*Exercise description*. From the entries below, return only the lines starting at the one that contains "Bakery Shop Die" and ending at the one that contains "Earbuds Case with", exactly as they stand.

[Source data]

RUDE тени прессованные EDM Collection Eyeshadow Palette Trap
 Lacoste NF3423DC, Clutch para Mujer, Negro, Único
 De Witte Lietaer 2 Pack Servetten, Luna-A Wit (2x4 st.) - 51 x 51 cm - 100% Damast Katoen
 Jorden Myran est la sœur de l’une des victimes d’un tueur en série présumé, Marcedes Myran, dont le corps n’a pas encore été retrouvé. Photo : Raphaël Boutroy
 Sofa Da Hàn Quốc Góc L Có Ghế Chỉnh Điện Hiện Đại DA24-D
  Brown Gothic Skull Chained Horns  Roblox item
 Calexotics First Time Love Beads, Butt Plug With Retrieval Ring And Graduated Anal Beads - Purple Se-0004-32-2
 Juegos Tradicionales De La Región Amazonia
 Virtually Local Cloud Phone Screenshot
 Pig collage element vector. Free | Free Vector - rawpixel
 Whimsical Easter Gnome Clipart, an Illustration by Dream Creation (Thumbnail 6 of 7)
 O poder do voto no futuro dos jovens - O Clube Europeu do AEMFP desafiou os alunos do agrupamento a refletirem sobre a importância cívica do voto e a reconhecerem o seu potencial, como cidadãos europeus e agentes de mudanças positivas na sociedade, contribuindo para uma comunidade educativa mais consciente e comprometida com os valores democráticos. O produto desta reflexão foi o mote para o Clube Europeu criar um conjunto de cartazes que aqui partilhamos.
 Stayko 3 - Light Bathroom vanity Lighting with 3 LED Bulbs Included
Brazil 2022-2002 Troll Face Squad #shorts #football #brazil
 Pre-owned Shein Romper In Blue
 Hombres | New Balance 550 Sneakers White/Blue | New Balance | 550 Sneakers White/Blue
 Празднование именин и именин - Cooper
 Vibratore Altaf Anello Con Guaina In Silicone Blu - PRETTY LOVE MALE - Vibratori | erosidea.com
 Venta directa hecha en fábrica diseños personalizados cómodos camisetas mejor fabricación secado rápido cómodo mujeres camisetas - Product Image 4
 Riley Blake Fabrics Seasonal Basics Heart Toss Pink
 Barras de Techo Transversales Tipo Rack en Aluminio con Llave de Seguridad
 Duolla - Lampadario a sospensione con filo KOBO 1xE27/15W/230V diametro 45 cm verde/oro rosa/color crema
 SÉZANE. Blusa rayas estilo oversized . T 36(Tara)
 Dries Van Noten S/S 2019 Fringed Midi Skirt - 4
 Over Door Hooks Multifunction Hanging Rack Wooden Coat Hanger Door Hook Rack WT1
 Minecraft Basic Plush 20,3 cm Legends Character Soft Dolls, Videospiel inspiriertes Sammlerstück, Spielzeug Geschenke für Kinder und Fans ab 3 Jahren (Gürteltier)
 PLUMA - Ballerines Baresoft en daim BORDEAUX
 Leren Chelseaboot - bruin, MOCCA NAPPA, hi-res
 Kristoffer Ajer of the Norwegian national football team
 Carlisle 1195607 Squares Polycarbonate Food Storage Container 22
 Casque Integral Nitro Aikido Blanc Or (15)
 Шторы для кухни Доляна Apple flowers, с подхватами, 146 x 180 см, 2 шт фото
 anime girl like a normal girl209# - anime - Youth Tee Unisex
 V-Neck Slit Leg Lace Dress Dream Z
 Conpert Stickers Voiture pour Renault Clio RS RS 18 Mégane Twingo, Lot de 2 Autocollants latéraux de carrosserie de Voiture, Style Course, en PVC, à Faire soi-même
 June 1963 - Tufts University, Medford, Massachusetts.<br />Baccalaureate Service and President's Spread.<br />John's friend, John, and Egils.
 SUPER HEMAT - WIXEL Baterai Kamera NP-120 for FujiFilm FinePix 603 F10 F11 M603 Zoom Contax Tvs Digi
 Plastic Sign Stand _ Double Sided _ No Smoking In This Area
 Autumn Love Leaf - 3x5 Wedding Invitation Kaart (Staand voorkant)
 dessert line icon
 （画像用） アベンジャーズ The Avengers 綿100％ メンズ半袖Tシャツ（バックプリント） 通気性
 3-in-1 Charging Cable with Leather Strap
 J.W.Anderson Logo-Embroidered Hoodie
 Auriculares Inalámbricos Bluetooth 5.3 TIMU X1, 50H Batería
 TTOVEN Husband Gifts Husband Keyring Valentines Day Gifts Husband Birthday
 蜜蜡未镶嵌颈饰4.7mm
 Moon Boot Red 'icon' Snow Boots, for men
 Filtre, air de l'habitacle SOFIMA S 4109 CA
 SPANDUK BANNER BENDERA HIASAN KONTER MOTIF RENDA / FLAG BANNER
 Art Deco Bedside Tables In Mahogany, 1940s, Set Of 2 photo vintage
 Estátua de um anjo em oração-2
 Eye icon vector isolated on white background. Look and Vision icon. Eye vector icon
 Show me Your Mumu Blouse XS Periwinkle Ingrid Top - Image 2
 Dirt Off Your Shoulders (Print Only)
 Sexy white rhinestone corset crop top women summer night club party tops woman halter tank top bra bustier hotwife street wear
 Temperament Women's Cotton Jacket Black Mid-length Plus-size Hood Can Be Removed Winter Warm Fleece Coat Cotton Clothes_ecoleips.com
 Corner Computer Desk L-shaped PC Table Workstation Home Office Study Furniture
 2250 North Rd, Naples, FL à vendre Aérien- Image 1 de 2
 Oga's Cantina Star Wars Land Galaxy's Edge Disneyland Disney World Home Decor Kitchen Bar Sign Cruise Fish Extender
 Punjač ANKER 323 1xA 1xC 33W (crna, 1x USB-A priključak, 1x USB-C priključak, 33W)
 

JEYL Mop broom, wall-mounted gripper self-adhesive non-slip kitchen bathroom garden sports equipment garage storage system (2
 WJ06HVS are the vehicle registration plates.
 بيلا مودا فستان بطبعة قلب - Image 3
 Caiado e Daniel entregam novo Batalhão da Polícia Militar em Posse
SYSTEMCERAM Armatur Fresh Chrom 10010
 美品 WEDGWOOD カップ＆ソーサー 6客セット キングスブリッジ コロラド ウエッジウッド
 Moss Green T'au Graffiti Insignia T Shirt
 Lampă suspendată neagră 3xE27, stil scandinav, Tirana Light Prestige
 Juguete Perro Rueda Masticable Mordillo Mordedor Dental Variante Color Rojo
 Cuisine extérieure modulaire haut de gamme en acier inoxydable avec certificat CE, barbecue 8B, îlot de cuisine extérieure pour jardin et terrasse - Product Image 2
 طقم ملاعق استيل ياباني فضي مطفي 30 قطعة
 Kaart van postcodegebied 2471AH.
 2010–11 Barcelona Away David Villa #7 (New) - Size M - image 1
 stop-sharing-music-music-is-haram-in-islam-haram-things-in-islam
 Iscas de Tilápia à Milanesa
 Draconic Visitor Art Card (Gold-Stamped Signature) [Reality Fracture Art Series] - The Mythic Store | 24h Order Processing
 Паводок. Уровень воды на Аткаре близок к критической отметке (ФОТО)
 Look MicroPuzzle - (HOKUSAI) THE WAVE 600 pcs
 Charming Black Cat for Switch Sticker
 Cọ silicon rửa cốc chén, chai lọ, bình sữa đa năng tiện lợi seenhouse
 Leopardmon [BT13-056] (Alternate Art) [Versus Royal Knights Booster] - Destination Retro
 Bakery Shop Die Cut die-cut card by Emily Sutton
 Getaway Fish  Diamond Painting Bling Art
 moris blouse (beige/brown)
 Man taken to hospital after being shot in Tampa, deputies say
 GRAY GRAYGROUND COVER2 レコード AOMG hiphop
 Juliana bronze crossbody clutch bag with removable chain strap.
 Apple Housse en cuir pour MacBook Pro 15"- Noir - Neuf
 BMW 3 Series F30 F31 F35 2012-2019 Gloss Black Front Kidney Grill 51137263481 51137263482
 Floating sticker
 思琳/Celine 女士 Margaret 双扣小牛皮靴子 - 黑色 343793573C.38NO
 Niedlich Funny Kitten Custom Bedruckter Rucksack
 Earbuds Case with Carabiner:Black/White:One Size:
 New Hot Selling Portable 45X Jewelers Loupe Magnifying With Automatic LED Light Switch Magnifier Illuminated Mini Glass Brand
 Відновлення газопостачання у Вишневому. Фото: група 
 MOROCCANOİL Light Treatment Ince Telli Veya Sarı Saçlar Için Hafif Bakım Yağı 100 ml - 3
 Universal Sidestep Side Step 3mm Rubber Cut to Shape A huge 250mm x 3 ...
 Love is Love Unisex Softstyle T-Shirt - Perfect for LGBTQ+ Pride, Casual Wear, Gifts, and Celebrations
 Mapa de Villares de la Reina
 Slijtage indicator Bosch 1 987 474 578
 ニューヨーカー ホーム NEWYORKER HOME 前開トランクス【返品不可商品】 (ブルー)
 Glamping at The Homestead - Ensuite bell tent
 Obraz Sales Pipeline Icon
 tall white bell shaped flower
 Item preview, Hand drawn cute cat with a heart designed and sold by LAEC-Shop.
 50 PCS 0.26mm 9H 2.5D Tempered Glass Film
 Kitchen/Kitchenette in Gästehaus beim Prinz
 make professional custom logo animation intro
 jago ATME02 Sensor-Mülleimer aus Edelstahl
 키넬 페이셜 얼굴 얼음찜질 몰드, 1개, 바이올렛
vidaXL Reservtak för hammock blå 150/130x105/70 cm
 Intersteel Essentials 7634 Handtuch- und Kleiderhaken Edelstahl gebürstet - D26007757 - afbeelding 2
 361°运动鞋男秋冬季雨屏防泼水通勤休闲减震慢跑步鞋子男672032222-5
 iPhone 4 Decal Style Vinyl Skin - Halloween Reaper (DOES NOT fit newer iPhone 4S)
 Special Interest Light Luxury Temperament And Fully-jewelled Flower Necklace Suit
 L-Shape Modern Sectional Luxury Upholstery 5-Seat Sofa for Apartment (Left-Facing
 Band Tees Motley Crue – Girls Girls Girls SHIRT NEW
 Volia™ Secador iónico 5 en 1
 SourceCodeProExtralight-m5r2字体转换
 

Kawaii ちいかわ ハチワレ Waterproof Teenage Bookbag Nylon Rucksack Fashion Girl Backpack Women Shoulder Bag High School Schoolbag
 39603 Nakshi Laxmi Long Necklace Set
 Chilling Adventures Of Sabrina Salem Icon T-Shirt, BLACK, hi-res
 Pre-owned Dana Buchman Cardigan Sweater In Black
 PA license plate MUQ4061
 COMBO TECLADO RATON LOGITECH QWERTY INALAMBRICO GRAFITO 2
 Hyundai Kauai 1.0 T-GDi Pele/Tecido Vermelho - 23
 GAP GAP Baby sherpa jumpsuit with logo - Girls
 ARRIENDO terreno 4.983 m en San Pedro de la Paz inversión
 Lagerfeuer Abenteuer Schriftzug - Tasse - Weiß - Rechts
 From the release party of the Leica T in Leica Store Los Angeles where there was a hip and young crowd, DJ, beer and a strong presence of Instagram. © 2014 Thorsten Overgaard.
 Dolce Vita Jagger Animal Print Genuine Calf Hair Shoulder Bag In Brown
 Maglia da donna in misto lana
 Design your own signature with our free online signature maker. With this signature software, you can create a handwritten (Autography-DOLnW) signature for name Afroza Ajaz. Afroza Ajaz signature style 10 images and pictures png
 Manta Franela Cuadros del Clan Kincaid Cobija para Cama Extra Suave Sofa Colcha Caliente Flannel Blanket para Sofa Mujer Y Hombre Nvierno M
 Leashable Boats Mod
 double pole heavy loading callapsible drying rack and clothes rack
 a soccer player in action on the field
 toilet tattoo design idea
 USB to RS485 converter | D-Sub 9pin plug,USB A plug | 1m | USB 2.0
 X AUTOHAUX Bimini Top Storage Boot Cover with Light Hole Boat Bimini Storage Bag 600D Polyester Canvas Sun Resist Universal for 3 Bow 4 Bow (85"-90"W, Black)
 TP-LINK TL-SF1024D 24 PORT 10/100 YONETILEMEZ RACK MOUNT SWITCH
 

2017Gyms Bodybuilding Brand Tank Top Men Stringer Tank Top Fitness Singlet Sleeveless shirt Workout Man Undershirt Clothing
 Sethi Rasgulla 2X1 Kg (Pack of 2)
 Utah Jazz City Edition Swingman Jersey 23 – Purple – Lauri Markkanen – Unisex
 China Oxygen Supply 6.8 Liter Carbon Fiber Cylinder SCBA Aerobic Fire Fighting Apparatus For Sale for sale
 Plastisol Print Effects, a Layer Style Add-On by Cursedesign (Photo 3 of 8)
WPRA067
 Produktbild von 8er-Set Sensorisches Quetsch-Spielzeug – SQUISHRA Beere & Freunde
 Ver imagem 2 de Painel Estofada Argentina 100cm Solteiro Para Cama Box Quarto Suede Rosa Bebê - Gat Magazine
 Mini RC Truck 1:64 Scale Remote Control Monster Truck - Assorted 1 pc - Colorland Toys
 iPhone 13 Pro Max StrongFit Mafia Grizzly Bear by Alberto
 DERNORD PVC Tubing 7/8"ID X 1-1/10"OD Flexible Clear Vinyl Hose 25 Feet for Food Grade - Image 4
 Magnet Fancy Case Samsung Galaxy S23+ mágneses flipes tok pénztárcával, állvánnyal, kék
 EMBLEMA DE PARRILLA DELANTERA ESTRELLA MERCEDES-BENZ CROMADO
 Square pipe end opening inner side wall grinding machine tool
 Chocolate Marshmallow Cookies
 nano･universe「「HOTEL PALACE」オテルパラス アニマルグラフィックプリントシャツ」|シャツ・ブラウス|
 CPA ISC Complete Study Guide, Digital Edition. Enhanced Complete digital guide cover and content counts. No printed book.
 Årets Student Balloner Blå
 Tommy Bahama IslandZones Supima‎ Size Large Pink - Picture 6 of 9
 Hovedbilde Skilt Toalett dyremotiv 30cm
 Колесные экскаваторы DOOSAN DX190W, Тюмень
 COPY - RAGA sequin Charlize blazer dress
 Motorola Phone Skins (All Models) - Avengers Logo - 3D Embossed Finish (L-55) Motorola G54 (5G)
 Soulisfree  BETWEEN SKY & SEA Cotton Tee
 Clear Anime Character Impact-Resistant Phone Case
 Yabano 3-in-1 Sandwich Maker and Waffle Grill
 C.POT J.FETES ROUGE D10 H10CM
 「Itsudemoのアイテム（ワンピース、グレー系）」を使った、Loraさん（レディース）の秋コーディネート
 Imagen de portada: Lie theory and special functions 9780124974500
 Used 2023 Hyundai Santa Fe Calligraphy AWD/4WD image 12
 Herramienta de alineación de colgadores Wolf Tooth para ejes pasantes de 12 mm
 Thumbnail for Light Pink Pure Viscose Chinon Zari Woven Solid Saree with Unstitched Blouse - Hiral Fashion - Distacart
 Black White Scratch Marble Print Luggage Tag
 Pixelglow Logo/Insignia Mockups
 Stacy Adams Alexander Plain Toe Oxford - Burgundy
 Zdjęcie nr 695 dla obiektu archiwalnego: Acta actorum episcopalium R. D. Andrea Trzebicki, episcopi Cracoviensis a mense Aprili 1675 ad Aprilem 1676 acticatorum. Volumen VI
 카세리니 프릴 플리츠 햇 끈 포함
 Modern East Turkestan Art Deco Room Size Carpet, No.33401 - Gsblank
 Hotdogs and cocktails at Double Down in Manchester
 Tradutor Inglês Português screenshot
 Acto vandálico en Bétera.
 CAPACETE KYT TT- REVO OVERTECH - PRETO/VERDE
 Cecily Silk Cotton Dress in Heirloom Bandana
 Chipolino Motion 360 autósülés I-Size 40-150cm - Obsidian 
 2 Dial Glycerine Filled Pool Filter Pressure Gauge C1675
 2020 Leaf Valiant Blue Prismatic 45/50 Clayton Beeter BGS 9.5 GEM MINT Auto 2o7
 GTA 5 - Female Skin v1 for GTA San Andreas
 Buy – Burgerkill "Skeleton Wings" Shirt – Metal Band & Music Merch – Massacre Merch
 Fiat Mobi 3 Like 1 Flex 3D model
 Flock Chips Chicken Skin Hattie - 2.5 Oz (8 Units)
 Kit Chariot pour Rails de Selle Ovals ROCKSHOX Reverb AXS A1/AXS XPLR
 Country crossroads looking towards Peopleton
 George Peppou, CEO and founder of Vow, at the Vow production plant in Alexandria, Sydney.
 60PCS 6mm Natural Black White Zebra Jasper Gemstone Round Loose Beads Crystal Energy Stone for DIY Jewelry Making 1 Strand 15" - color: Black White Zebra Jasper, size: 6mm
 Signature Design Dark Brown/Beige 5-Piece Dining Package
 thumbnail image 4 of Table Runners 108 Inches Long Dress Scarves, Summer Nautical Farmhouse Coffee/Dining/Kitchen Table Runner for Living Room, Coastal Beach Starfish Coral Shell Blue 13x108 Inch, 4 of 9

*Response to the exercise*.
 Bakery Shop Die Cut die-cut card by Emily Sutton
 Getaway Fish  Diamond Painting Bling Art
 moris blouse (beige/brown)
 Man taken to hospital after being shot in Tampa, deputies say
 GRAY GRAYGROUND COVER2 レコード AOMG hiphop
 Juliana bronze crossbody clutch bag with removable chain strap.
 Apple Housse en cuir pour MacBook Pro 15"- Noir - Neuf
 BMW 3 Series F30 F31 F35 2012-2019 Gloss Black Front Kidney Grill 51137263481 51137263482
 Floating sticker
 思琳/Celine 女士 Margaret 双扣小牛皮靴子 - 黑色 343793573C.38NO
 Niedlich Funny Kitten Custom Bedruckter Rucksack
 Earbuds Case with Carabiner:Black/White:One Size:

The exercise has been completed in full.